For most of my life I haven’t really been taking care of myself and my own wishes. I ignored what my soul really wanted for so long until at some point I no longer heard its call. I took care of others and their needs without even realizing I was doing it to such extent. I didn’t really know what I wanted for myself. I didn’t really know who I was anymore. Until one day, as it usually happens when you are in such denial, everything started to come apart: all my relationships started going from bad to worse. And so was my emotional state. And then my health severely deteriorated. That’s when I knew something was seriously amiss.
I had eye surgery and a break up and started searching. I didn’t even know what I was searching for but I knew I was on a path. I guess I was searching for my own personal path. I let everybody around me go or I was becoming so different that they were letting me go. My health got worse: flues, fever, allergies and some demons from hell came along to use me as their football. I tried hypnosis. Once again my world was upside down and I had a very strange feeling that I’ve never had before. It was a mix of anxiety and impatience and not understanding anything. It was like I was inside a snow globe that’s been turned upside down and placed back and everything is in disarray, snow floating about, figurines all confused. I was a confused figurine in a stormy snow globe. Like a huge reality shift and you no longer know anything about anything. Hypnosis helped, the demons went away. The allergies stayed, followed by skin reactions.
I started meditation: 2 sessions a day, morning and evening. And this is how the best time of my life began. I’ve never been happier. I’ve never been more connected to the universe and everything around me. I truly had the unmistakable feeling that we are all one and there is nothing missing, that I am at the heart of creation and so is everybody else. It was pure bliss. I was alive, I was the source of life and the infinitesimal piece of dust at the same time. It was perfect. Perfect doesn’t even being to describe it. And then I came back to earth. I lost that feeling and I felt it like one of the biggest losses of my life. But it was not in vain. Autumn came and winter came. But not alone. Autumn came with finding my true calling. And winter came with quitting my job so I can pursue it.

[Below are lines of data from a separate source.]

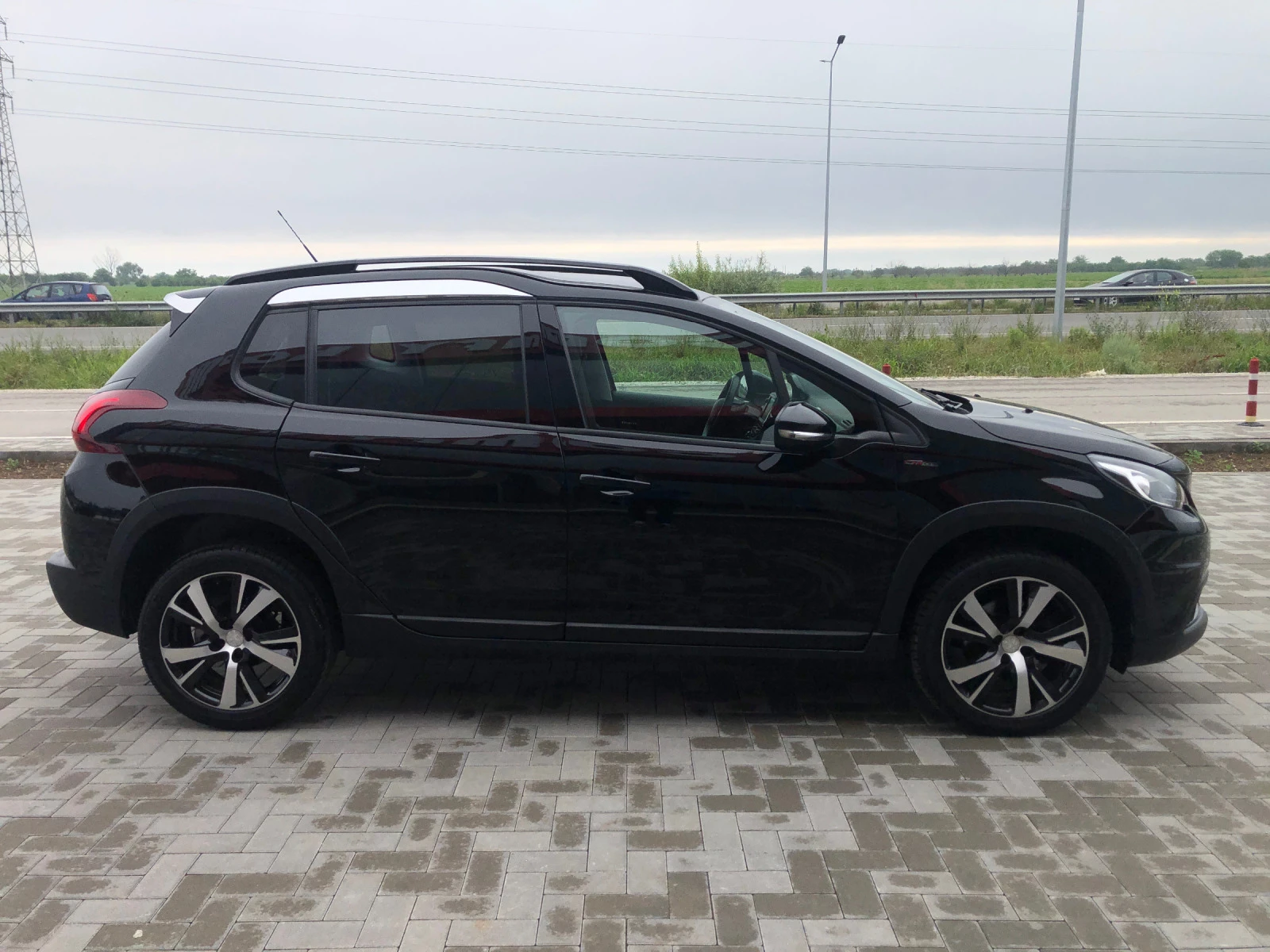 Peugeot 2008 GT line - изображение 2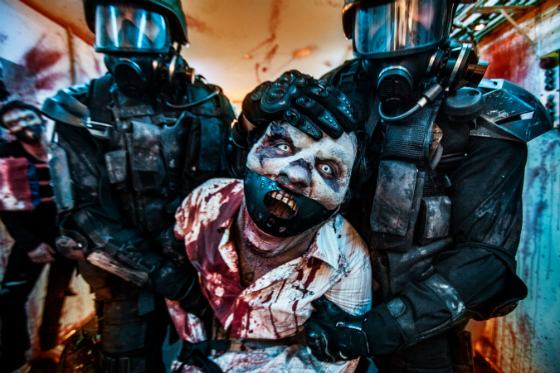 7_SOLDIERS_W_ZOMBIE_CAPTIVE.jpg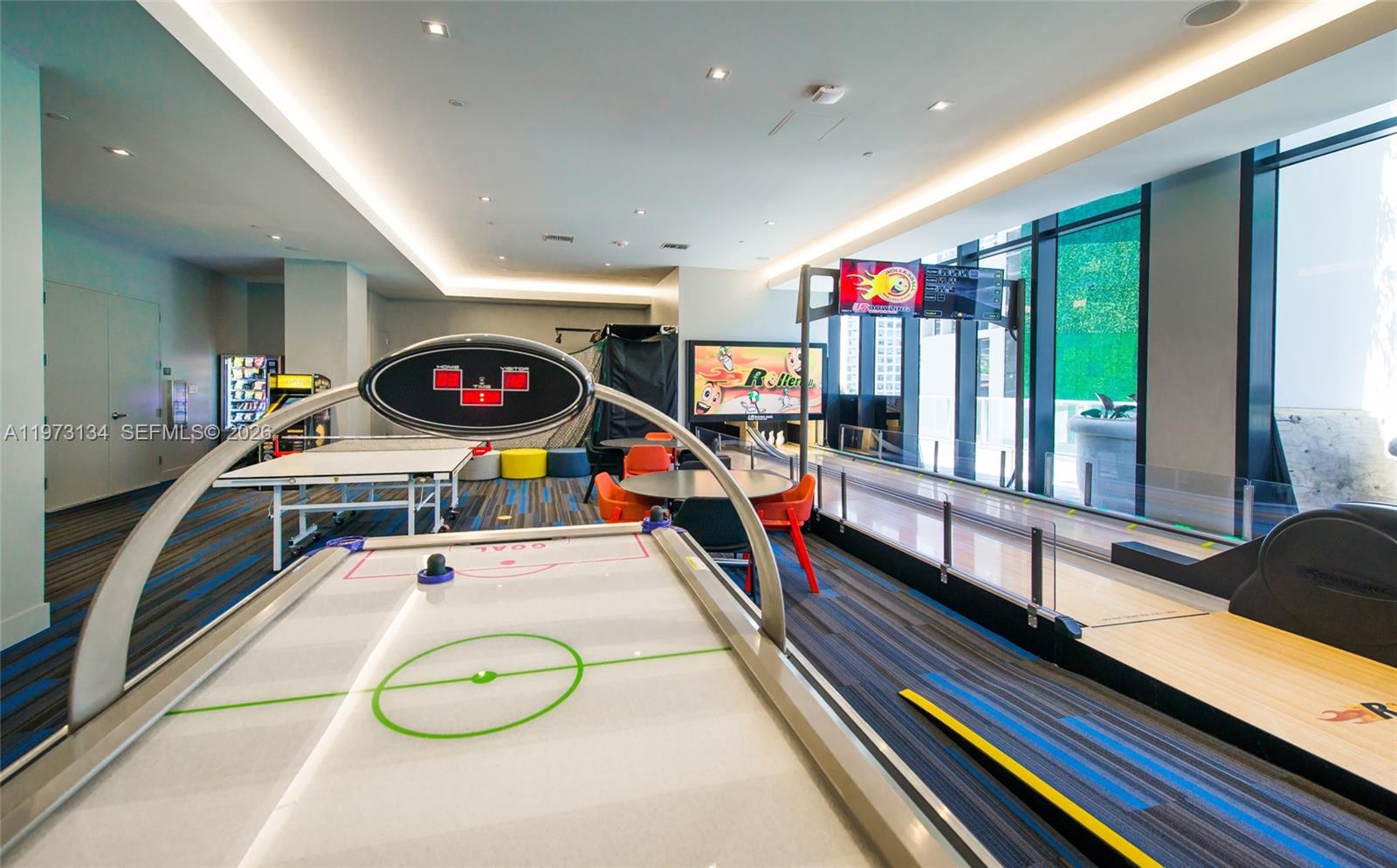 1010 Brickell Avenue, Unit 3010 Miami, FL 33131 - Photo 43 of 49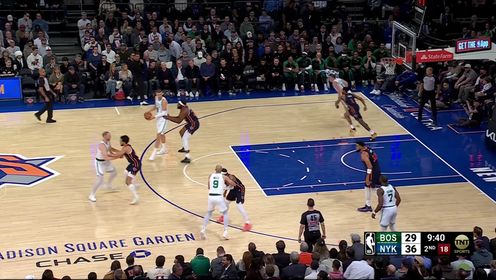 《NBA全场集锦》十分默契的配合！豪瑟内切进场接球轻松上篮得分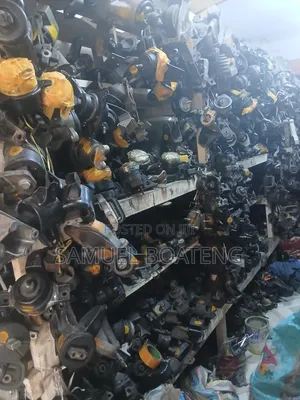 All Cars of Engine Seat Is Available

I never thought I would find it. I didn’t think I had a true calling, although in one form or another it has been by my side for such a long time. I just didn’t have eyes for it, as I was looking at whatever and whoever else but myself.
But then I knew: painting, art and especially sharing the process with the world. It’s been my therapy so many times and it continues to be by my side whenever I need it. I’m still searching. I still don’t know who I am completely. I am far from where I want to be, but I know I am on my path and not somebody else’s.
This is NOT about ART.
Abstract painting, acrylics, mixed media, sitting down with your canvas waiting for inspiration, all that will be a part of it all. But it would be just scratching the surface of something much deeper. This is about the ecstasy of painting, the exploring of everyday magic, about seeking the light in the shadow and the mystical feminine running free. This is about finding the beauty and magic in the mundane. About reaching out to the universe, paintbrush in hand or not, tears streaming down your face or a big happy smile, and taking a leap of faith into the unknown of yourself. It is not about being unafraid, but about being afraid and living it anyway. About life, love, art and the pain and joy you can encounter with every heartbeat. It is about embracing your shadow and shining your light. It is about finding a path, your path, of the real, RAW YOU.